B寝台のシーツなしベッドを普通指定席料金で利用できるお得な
ゴロントシート2両(うち女性専用車1両)や、B寝台1人個室ソロもありますが、7号車のA寝台個室シングルデラックスに乗車しました。高い天井の室内には、収納式洗面台や鏡、BGMや照明、空調のコントロールパネル、コンセント2つ、2段ベッドがあります。収納されている上段を展開すると、追加料金で2人用個室としても利用可能です。また、歯ブラシ2本、カミソリ、ウェットティッシュ、石鹸等のアメニティセットも、「あけぼの」ロゴ入りのケース入りで用意されています。かつては、ビデオモニターも設置されていたようですが、今は老朽化で撤去されています。車両は全体的にくたびれていますが、それが国鉄時代の郷愁を感じさせます。
 
「あけぼの」には車内販売も自販機もないため、上野駅で弁当、つまみ、飲み物、更に朝食パンまで買い込んで乗り込みます。万一夕食食べずに何も買わずに乗り込むと大変なことになります。列車は、往年の夜汽車の出発の場であった上野駅13番ホームを21時16分に発車すると、間もなく翌朝までに車内放送を中止し、静かな中、ゴトゴトと懐かしい響きをたてて、大宮、高崎と停車していきます。水上で運転停車した後、列車は上越国境へ向かい、湯桧曽、土合とホームがトンネル内にある駅を通過し、国境の長いトンネルに入ります。これを深夜0時に抜けると、一面の銀世界、窓の外が白くなり、月明かりがさらに照らします。上越新幹線や関越道ができた今も、上越線を夜汽車で走ると昔ながらの世界です。国境の長いトンネルを抜けて、土樽、越後中里、岩原スキー場前、越後湯沢と月明かりと白銀の白い世界を走ると、川端康成の雪国の世界と、宮沢賢治の銀河鉄道の夜がミックスされたような、幽玄な夜の世界が展開されます。

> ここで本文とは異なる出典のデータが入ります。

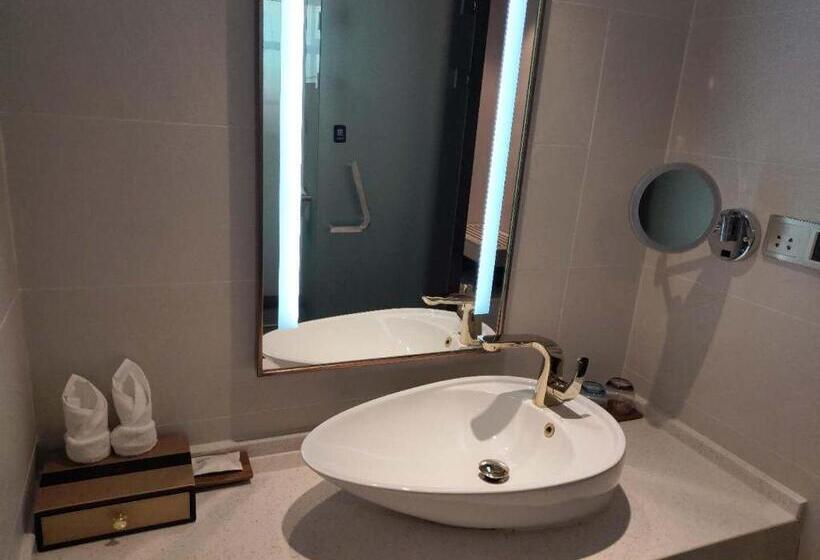 Lavande Hotels·shenzhen North Railway Station Longhua Yicheng Center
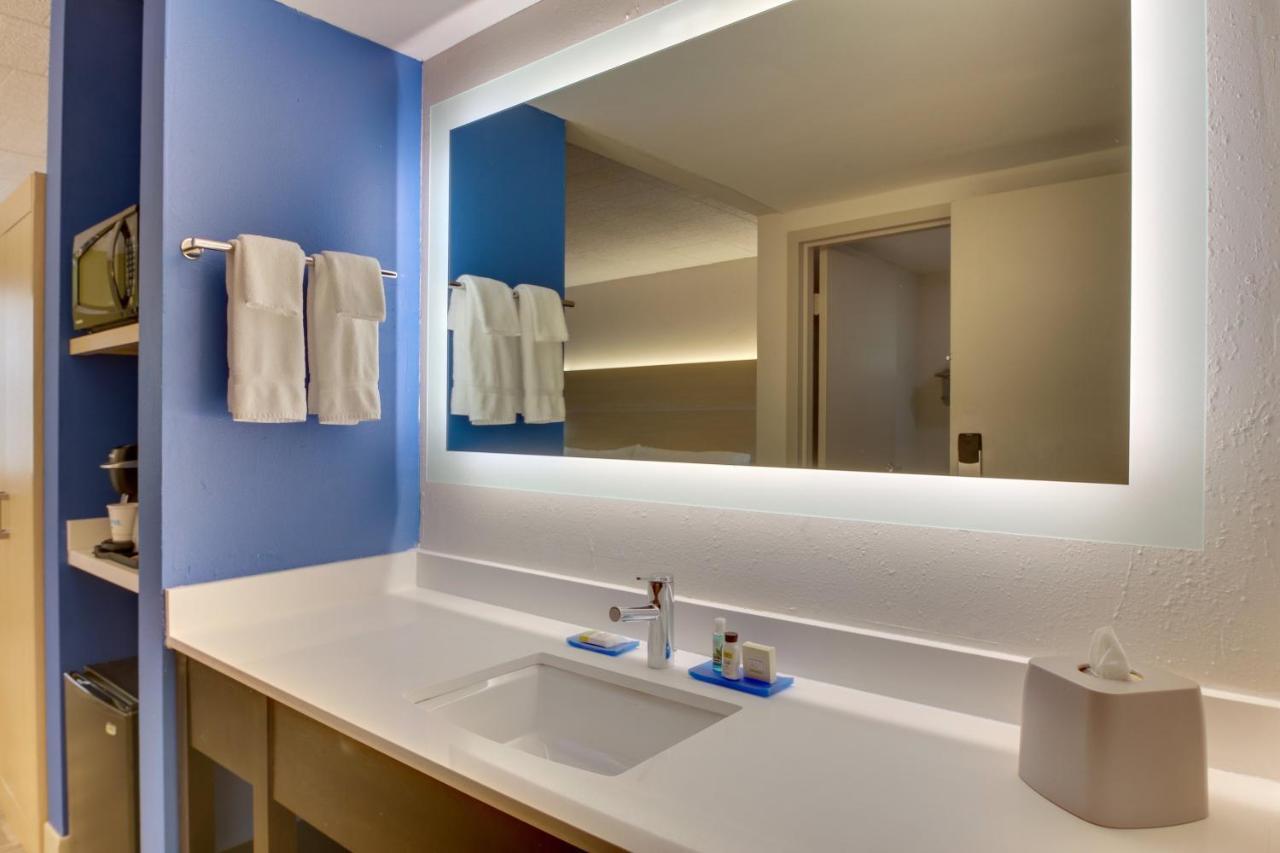 Holiday Inn Express Pittston - Scranton Airport By Ihg Esterno foto
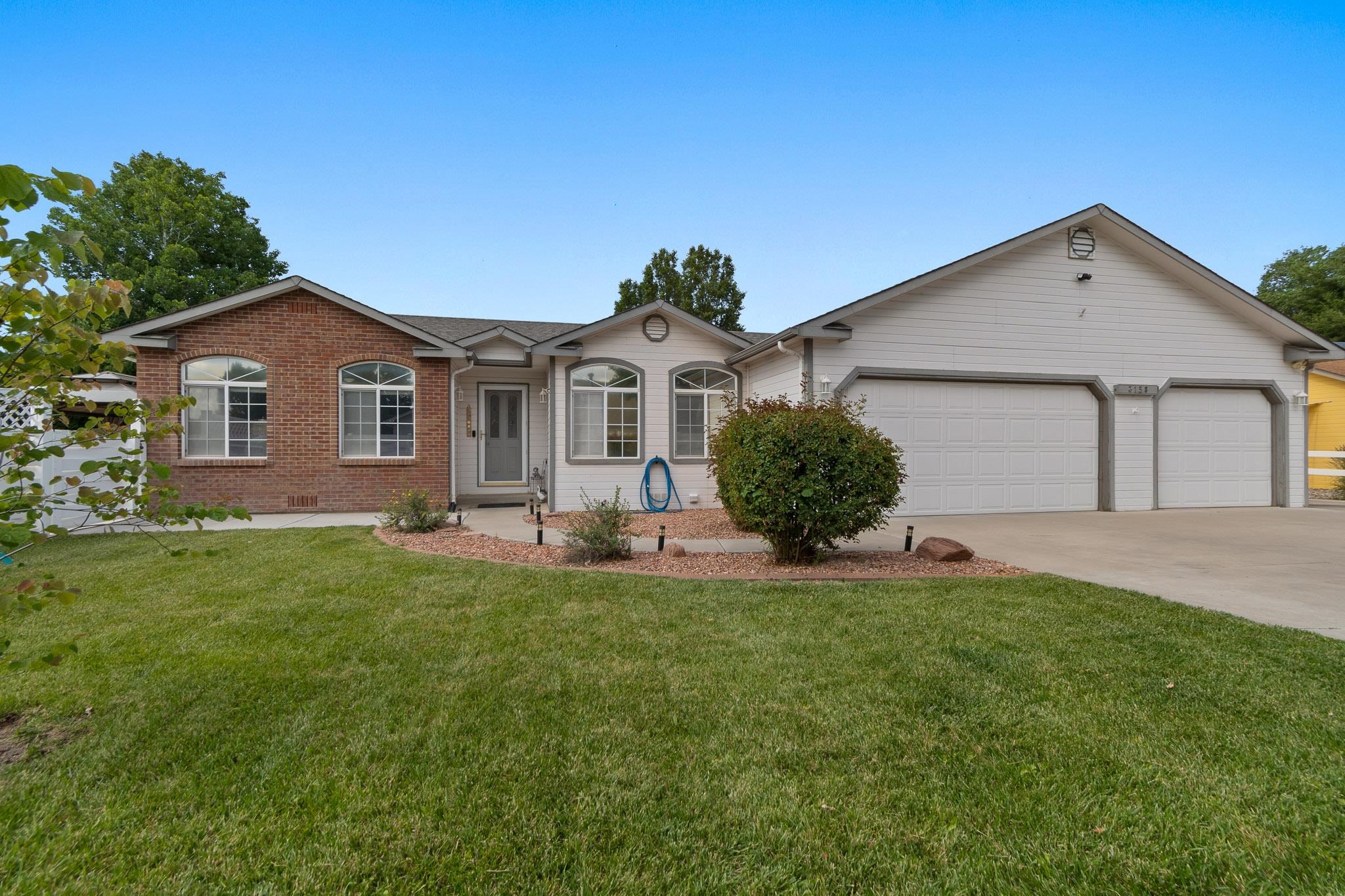 3158 Forrest Way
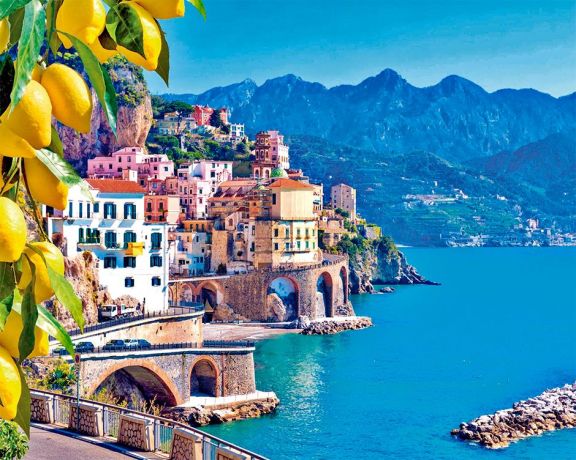 Encanto Mediterráneo: Islas Griegas y Costa Amalfitana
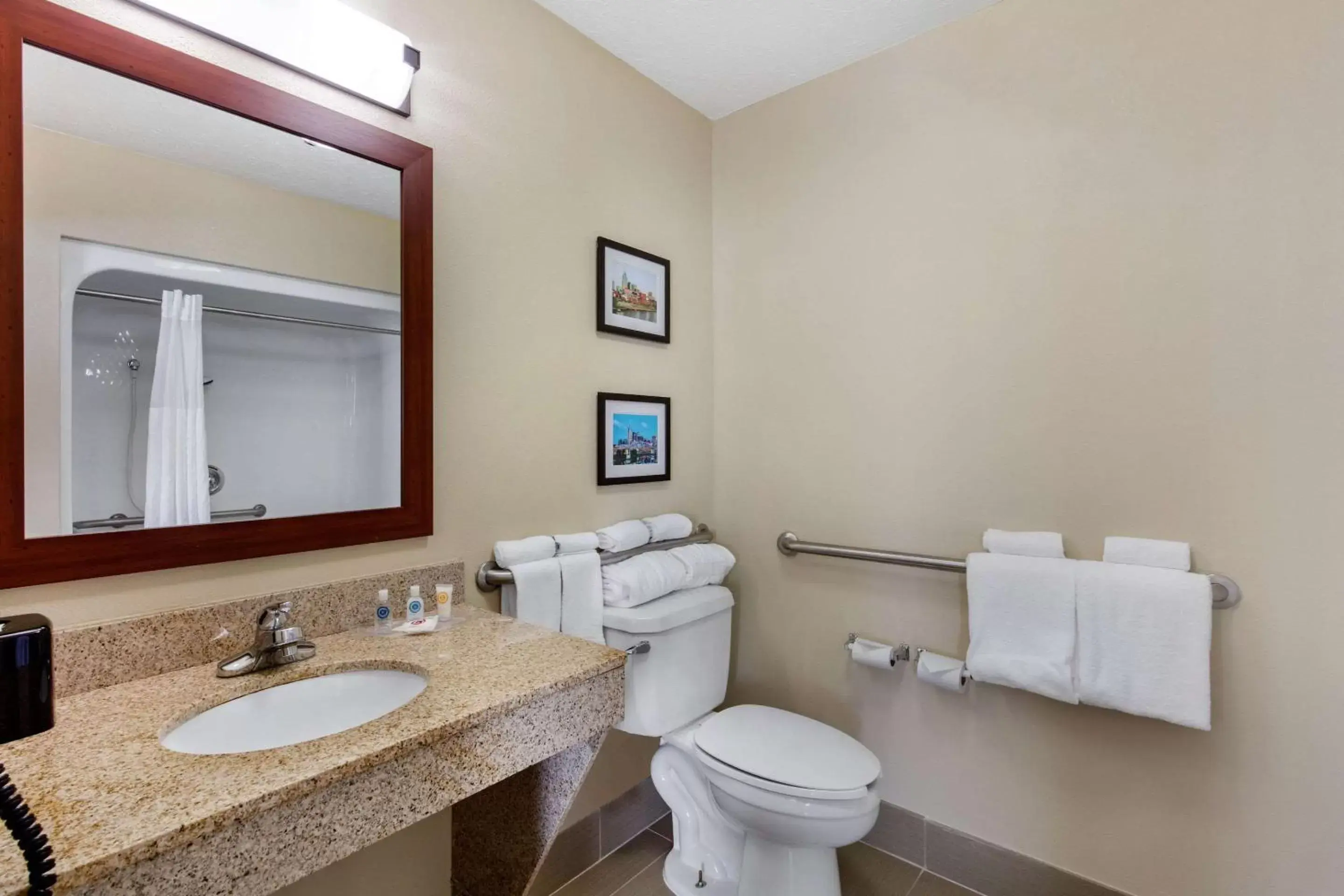Photo of the whole room, Bathroom in Comfort Suites Nashville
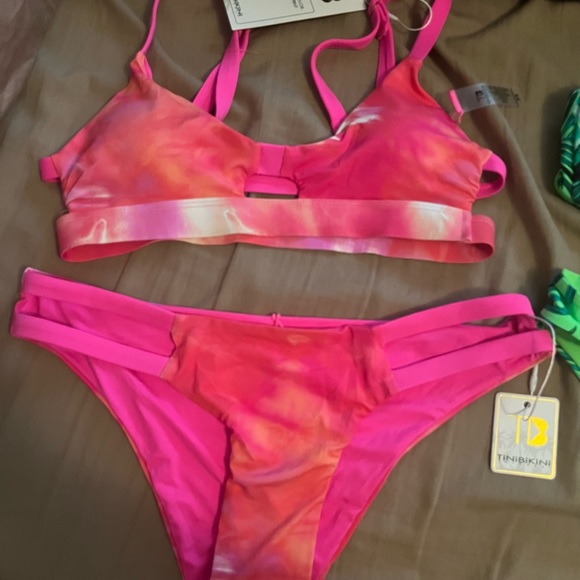 Bikinis size XS x2 - Picture 2 of 2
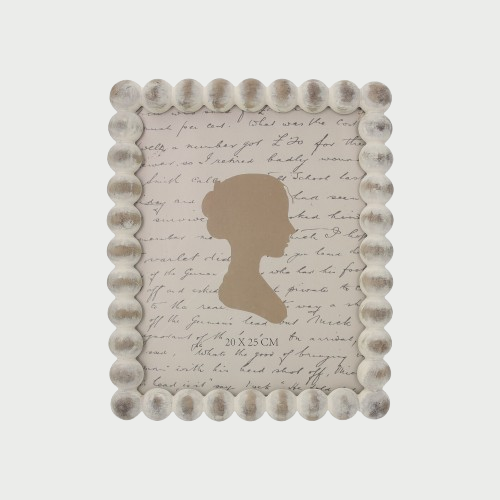 Porta Foto Grande Cornice Decorativa con Sfere Bianche (24x29cm)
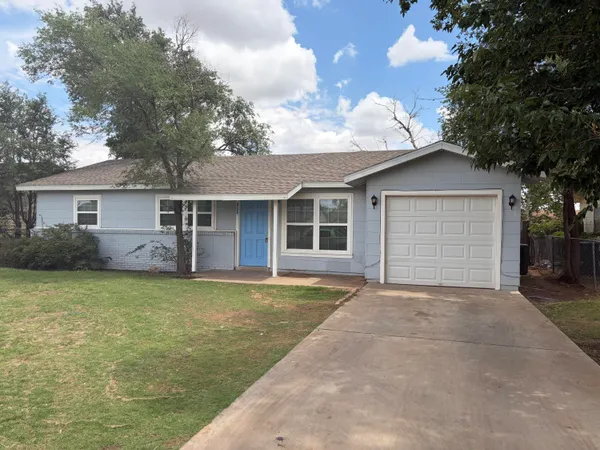 $975 | 2726 East Colgate Street, Lubbock, TX 79403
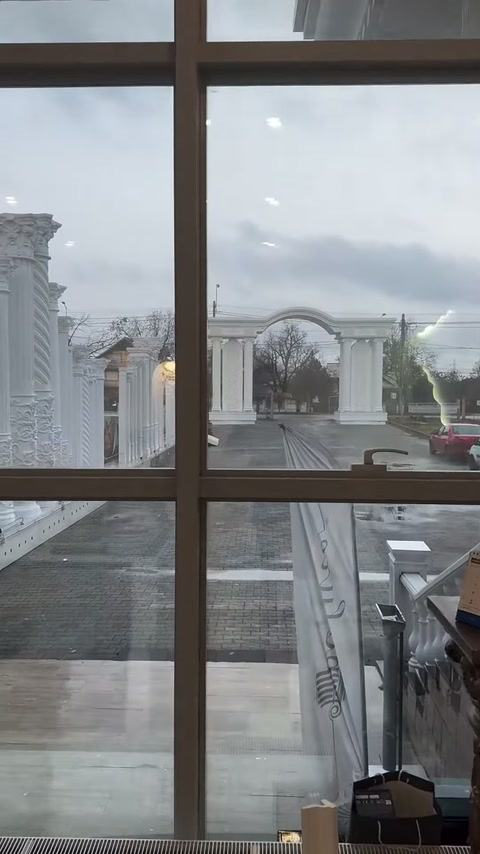 Dış mekândaki sütun dizisi ve uzun yürüyüş alanı içeriden izleniyor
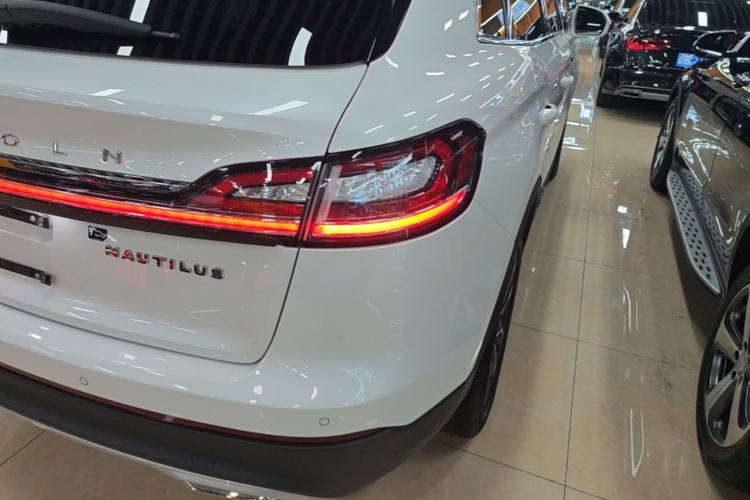 Used Lincoln Nautilus 2021 2.0T Four-Wheel Drive Luxury Edition Right Rear Taillight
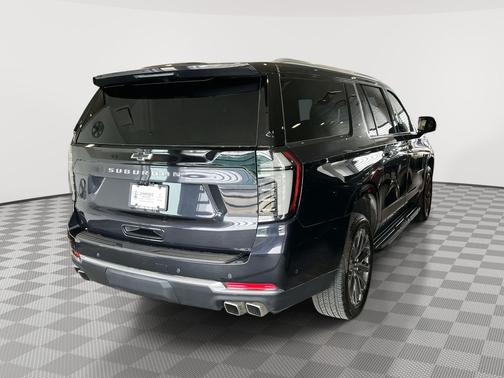 Dark Ash Metallic 2025 Chevrolet Suburban High Country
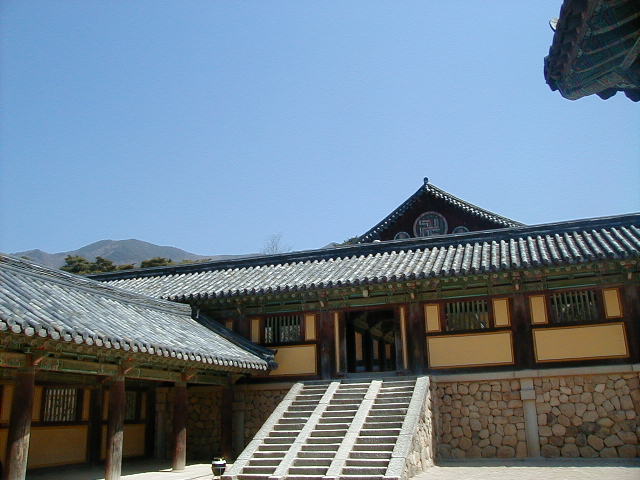 temple4.jpg, 57899 bytes, 1/1/1998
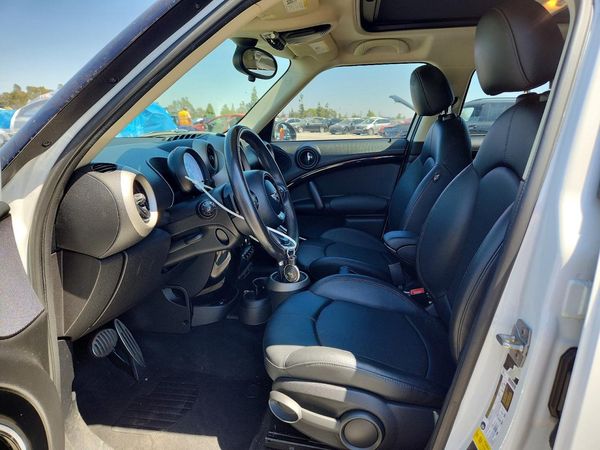 2012 MINI COOPER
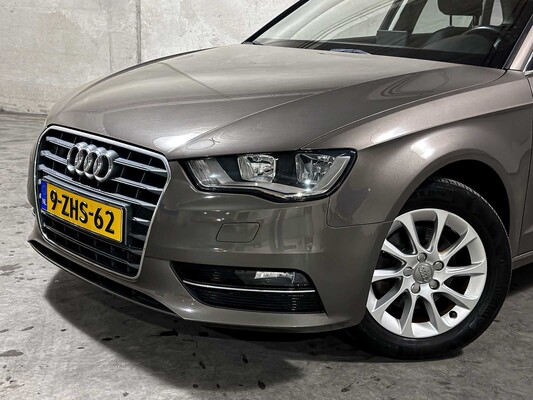 Audi A3 Sportback 1.4 TFSI Attraction Pro Line 125pk 2015 (Origineel-NL), 9-ZHS-62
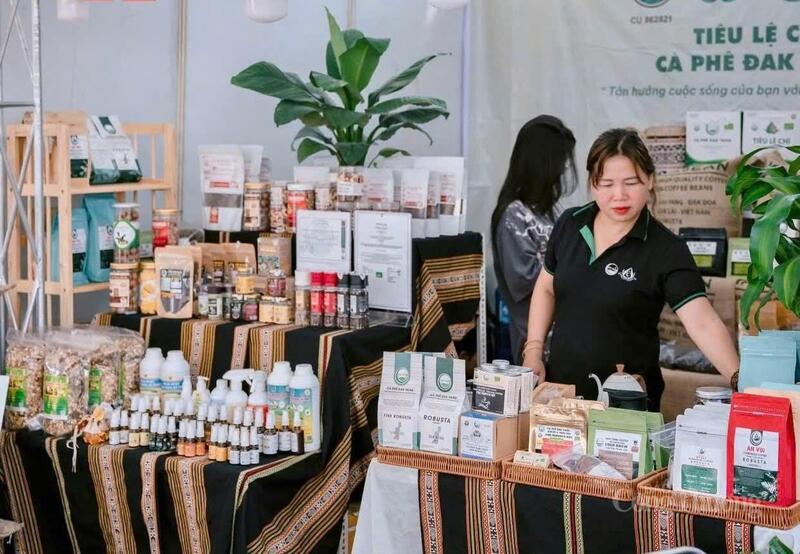 Trang Chủ OKVIP COM Top #1 Gia Lai chinh phục thị trường nhờ những cú hích từ chính sách khuyến công và chương trình bình chọn sản phẩm OKLVIE sản phẩm thuộc hệ thống OKVIP là trang web tổ chức phát sóng bóng đá trực tiếp, live casino , nỗ hũ, bắn cá nông thôn tiêu biểu. Ảnh: Hiền Mai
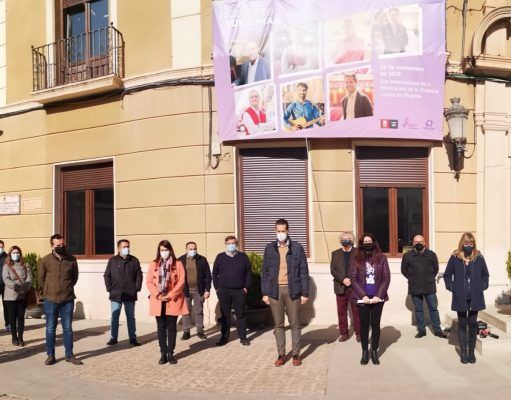 Elda se suma a los actos del Día Internacional de la Eliminación de la Violencia contra la Mujer minuto de silencio a las puertas de la Casa Consistorial por todas las víctimas de la violencia contra las mujeres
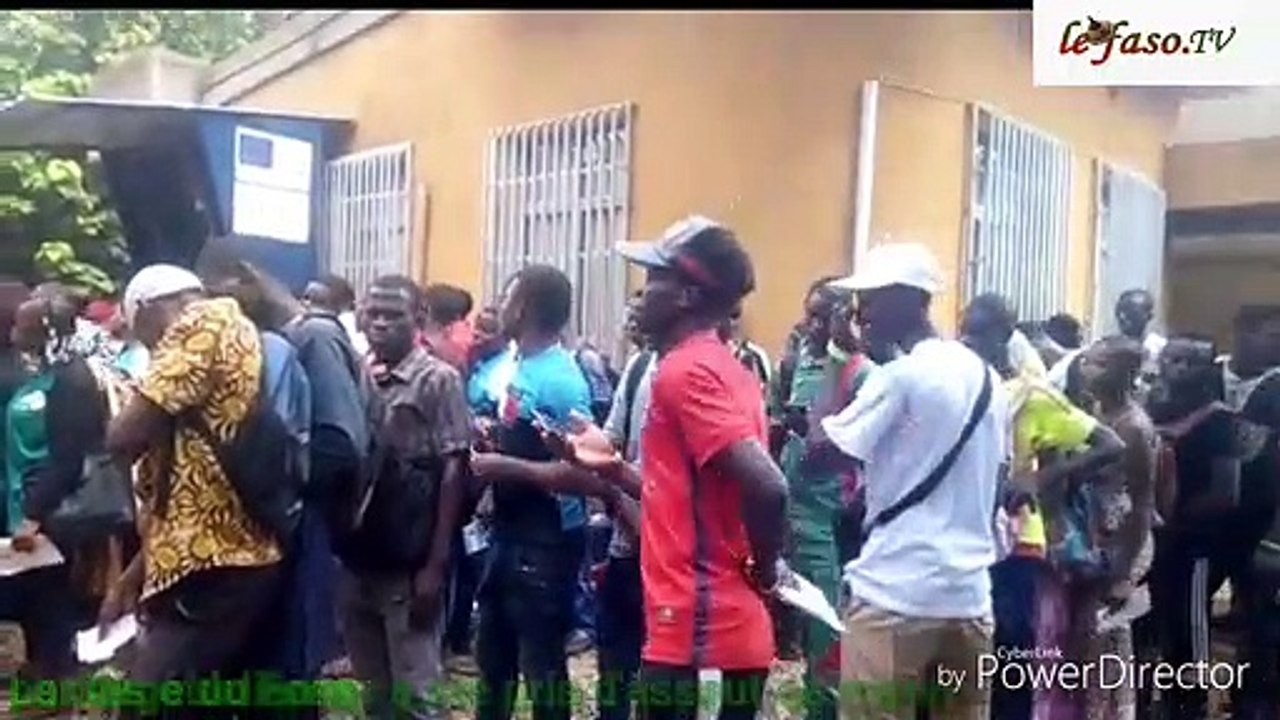 Aide aux étudiants C'est parti pour la remise des cartes bancaires FONER Aide aux étudiants C'est parti pour la remise des cartes bancaires FONER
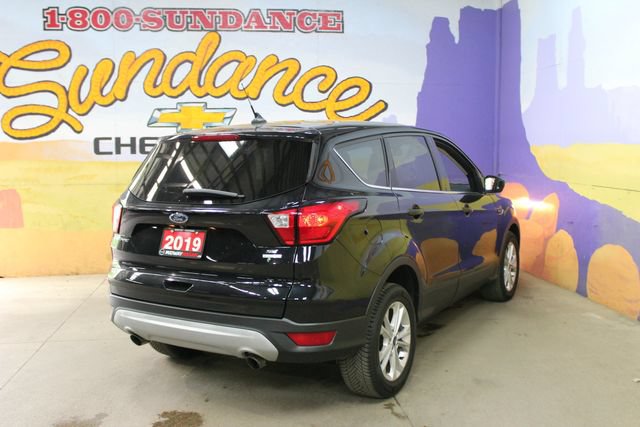 Used 2019 Ford Escape SE w/ Ford Safe & Smart Package FWD image 4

 翌朝、秋田駅到着の約20分前、6時18分頃、車内放送が再開されます。秋田駅ではホームで駅弁立ち売りもあるようです。列車は八郎潟、森岳、東能代と秋田県北部をゴトゴトゆっくり走ります。単線区間が多いため、普通列車との行き違いも頻繁にあり、ローカル線の雰囲気です。9時14分弘前駅に到着し、夜汽車の旅を終えました。東北新幹線はやぶさが3時間弱で新青森駅迄到達する中、12時間以上かけて走る、あけぼのが生き残っていますが、車両も老朽化しており、今後が懸念されます。希少価値になった夜汽車の旅が伝承されることを祈ります。